• _Goal of the exercise_
In the records below, reproduce exactly the lines from the one containing "Building Photo - 611 Sedum Ave." through the one containing "Building Photo - 23984 Skyland Dr", both included, and omit the pictures.

• _Given records_
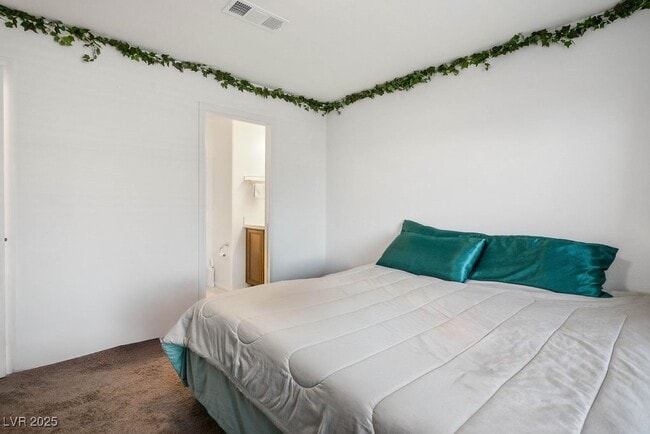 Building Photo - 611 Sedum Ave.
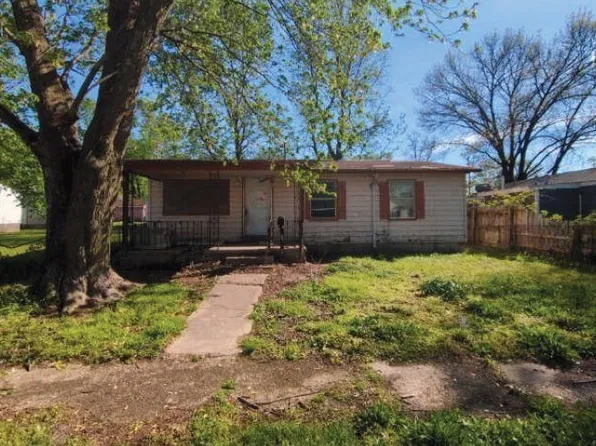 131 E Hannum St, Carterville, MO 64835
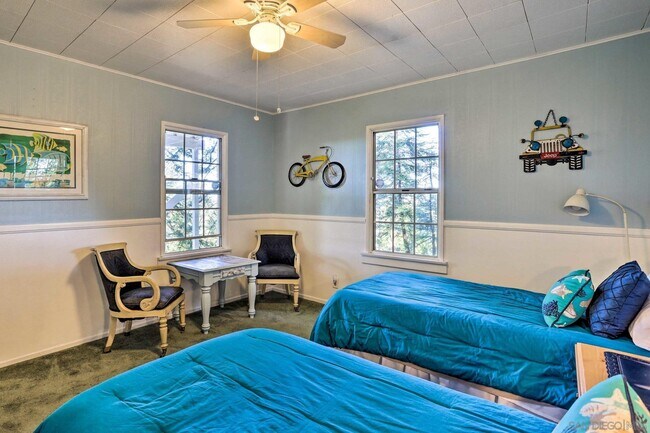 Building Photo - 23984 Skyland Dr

---

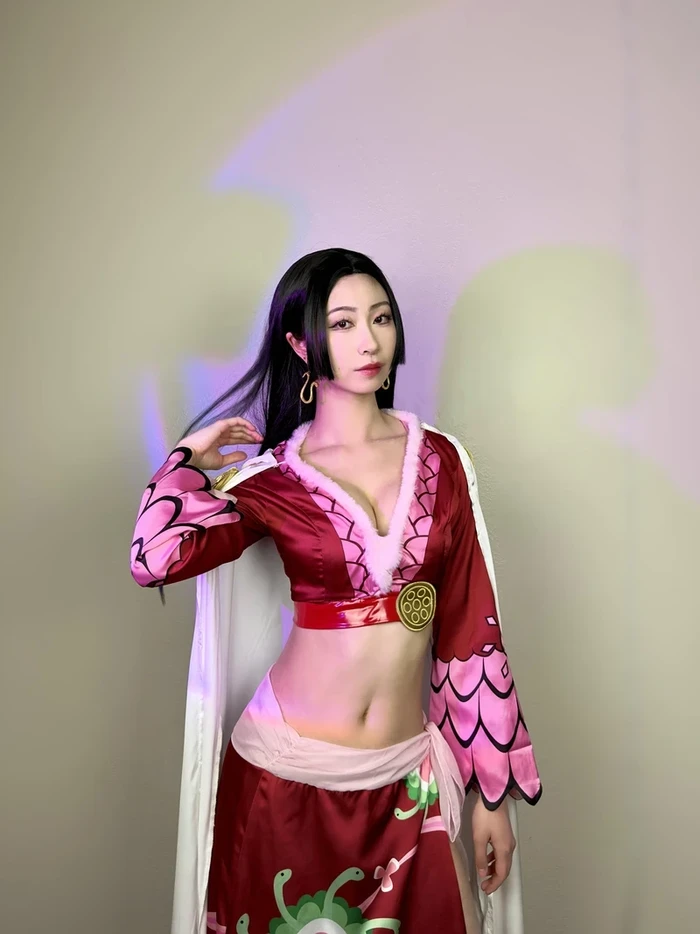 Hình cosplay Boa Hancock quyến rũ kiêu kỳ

• _Solution to this task_
 Building Photo - 611 Sedum Ave.
 131 E Hannum St, Carterville, MO 64835
 Building Photo - 23984 Skyland Dr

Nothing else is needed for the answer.